I'm not sure they actually have all that many orders. I ordered some things 2-1/2 weeks ago and my order number was "XXX". Then I ordered some more stuff last night and my order number was "XXX + 37". These 36 intervening orders in 2-1/2 weeks don't sound like a whole lot to me (for commercial operation like Dankung). I really don't know how large Dankung is, but in the 2-1/2 week period between my orders they were evidently only handling two orders per day on average.

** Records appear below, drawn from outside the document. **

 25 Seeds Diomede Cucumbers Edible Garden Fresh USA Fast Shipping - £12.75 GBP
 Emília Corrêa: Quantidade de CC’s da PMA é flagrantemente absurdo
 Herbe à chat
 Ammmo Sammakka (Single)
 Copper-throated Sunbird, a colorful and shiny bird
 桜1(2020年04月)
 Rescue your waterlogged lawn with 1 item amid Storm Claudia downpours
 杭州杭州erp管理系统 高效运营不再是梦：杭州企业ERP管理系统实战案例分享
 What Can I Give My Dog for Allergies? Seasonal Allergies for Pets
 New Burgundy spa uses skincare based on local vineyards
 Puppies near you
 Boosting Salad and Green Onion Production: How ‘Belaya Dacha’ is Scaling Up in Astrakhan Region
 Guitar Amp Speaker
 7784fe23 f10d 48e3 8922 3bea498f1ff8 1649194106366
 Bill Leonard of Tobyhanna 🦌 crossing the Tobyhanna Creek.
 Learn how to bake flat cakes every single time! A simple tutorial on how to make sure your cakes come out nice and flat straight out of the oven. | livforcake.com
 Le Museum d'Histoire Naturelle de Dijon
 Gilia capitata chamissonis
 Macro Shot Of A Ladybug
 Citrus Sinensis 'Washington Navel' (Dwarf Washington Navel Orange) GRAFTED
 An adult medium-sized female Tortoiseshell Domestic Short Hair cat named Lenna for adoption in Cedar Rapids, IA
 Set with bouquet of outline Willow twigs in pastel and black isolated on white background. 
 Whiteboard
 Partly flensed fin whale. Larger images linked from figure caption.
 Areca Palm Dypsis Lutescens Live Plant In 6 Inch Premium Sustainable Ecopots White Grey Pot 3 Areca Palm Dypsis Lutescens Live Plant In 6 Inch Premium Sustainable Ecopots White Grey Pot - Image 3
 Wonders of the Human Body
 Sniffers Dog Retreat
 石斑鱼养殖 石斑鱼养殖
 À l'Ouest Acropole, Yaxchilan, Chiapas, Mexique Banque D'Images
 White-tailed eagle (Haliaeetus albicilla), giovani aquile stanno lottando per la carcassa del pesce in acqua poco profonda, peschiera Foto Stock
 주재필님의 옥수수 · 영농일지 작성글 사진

My Jungle Hunter II came in pretty decent shape. No sharp edges or abrasive surfaces anywhere. The inside of the ears are not polished to a mirror shine, but they are smooth. The roughest areas are the thin slots in the ears where you insert the bands. I would expect that to be the hardest place to finish. These places are not bad, but not glass smooth either. I'm not really worried about them. These areas only contact the bands for the brief second while you are installing them.


----------



## haertig (Jul 30, 2010)

Now I need to learn how to shoot this style of slingshot. My first day with it I had some reasonable shots IMHO. Nothing great at all, but I was keepting the shots on my 16"x16" target easily. But today, oh boy, not so good. I was all over the place. But I was trying a horizontal hold and a 45 degree angle hold instead of my normal "gangsta" 90 degree to the side hold. I was also experimenting with this "flip" thing I've read about here. Suffice it to say, my 16"x16" target at 10 yards was mostly safe from hits. Yeah, THAT bad. High, low, and left. Randomly. Nothing to the right however. Weird. A few of my "hits" don't count though - it's not really cool to nosedive the ammo into the ground in front of the target and have it ricochet upwards and hit the target on the rebound. Not cool at all. I guess changing your slingshot, hold, aim point, flip style, etc. all at once is not a trivial thing to do (not for ME anways!) Got to have more practice. More practice. More practice. I had to pull out my A+ PS2 shooting gangsta style to prove to myself that I didn't totally suck. I only suck with the new slingshot!


----------



## smitty (Dec 17, 2009)

Don't sweat the small stuff. You knew you were going to miss a lot when you changed how you were used to shooting. Don't think too much about trying to flip the slingshot when you shoot just let it happen on its' own when you release the pouch. Work hard on making the release of the pouch the same every time. If your pouch hand doesn't move the same way every time when you release it (after the shot) then your release was different than before. Your draw length can change also and you won't be aware of it unless you are looking for small changes in the way you shoot.


----------



## Trent (May 30, 2010)

I have a Jungle Hunter II and a Cougar slingshot from them. Both of my slingshots are rough inside the loop and need more polishing. I have not done it yet and I have only shot each one a few times. I mostly shoot my old wrist rocket and my small copper pipe slingshot. I like the square shpae with a 2 inch distance between the inside of the forks. I can grip it flip style and find it to be very comfortable.


----------